Discarica di Melilli, alla Regione c’è anche chi dice no Pressioni sul dirigente: «Messaggi dal Parlamento»
«Questi di Cisma sono pericolosi, avevano in tasca un’autorizzazione da 30 milioni di euro. E io gli ho detto che la Via (la valutazione d’impatto ambientale ndr) non c’è! Quindi sono incazzati fortemente e mi hanno fatto arrivare messaggi da tutto l’universo mondo politico». Nella torbida storia di mafia, rifiuti e corruzione scoperchiata dalla Procura di Catania e che vede indagate 26 persone, c’è anche chi dice no.
Stando alle carte dell’indagine, in questa vicenda la parte pulita della macchina amministrativa della Regione Sicilia ha il volto di Marco Lupo e Antonio Patella. Il primo direttore del dipartimento Rifiuti fino al gennaio del 2015, il secondo suo collaboratore. Sono loro, nel 2013, a mettersi di traverso al progetto di ampliamento della discarica Cisma di Melilli, voluto da Antonino e Carmelo Paratore, i due imprenditori titolari di fatto dell’impianto e accusati di associazione mafiosa.
Il progetto di allargamento viene presentato nel 2011; due anni dopo la Cisma deposita anche un’istanza per eliminare il vincolo territoriale che imponeva di accettare solo i rifiuti provenienti dall’Ato Siracusa. Richieste su cui si esprime positivamente il dirigente Gianfranco Cannova (secondo gli inquirenti a libro paga dei Paratore), che dà il via libera alla ricezione di circa 1 milione di metri cubi di rifiuti, senza avviare l’iter per una nuova Valutazione di impatto ambientale.
Ed è proprio su questo punto che Lupo e Patella sentono puzza di bruciato e stoppano la pratica, convinti che per ampliare la discarica serva un nuovo procedimento di Via. Un ostacolo inatteso che i Paratore avrebbero provato a superare attivando tutte le loro influenti amicizie, «ricorrendo – sottolineano gli investigatori – a traffici di influenze illecite, incontri con politici nazionali, minacce indirette ai funzionari, contatti con il pubblico ministero di Siracusa».
Lupo confida a Patella di aver ricevuto forti pressioni, «da tutto il Parlamento», esprimendo anche il timore che possano inventare accuse infondate. «Quando qualcuno gli rompe i coglioni, loro ti denunciano dicendo che gli hai chiesto dei soldi o che sei pedofilo.
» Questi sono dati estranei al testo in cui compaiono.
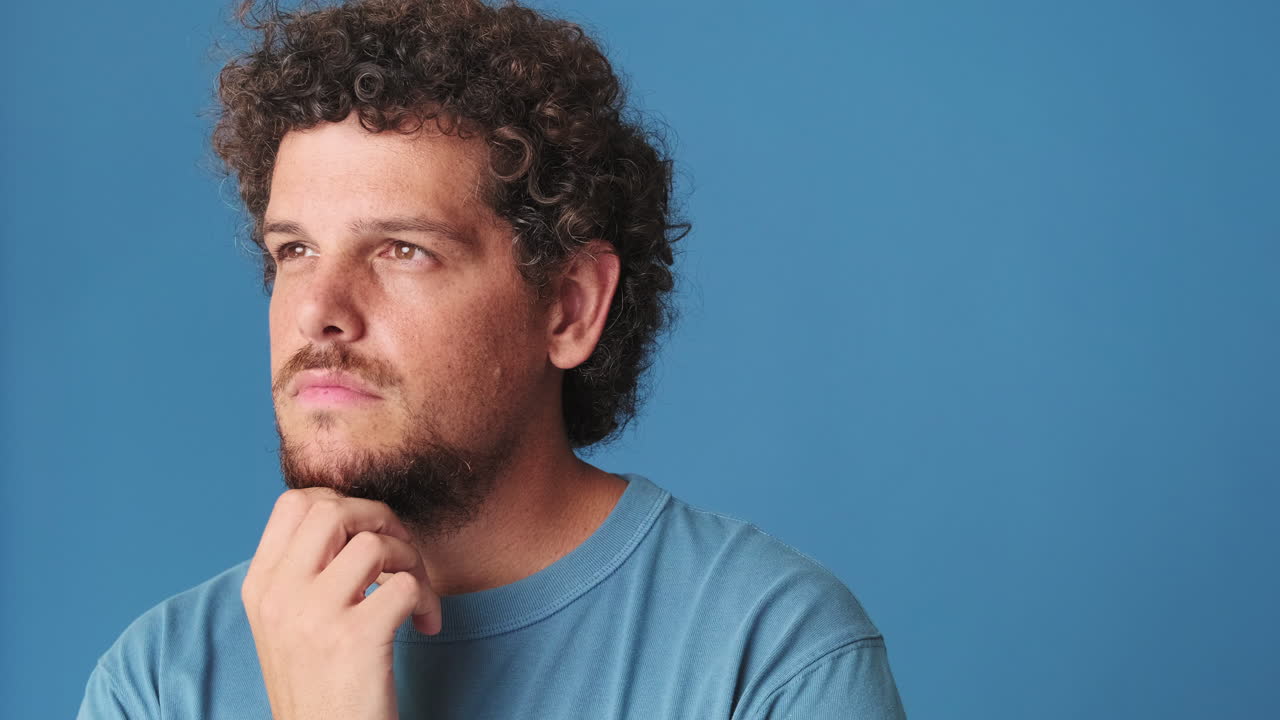 Thoughtful Man with Curly Hair Pondering on Blue Background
Comunque io me ne sono fottuto il cazzo e gli ho dato il diniego».
Ma nonostante tutto, i due funzionari continuano a non cedere. «È una forzatura», si lamenta Patella che confessa di essere convinto che «Cannova ha preso soldi». Il braccio destro di Lupo, anche di fronte al timore di una causa per danni, va avanti. «Perché arrivati ad un certo punto – dice Patella al suo superiore – uno affronta la questione della richiesta di risarcimento, ma noi non facciamo provvedimenti illegittimi, poi voglio vedere se hanno ragione».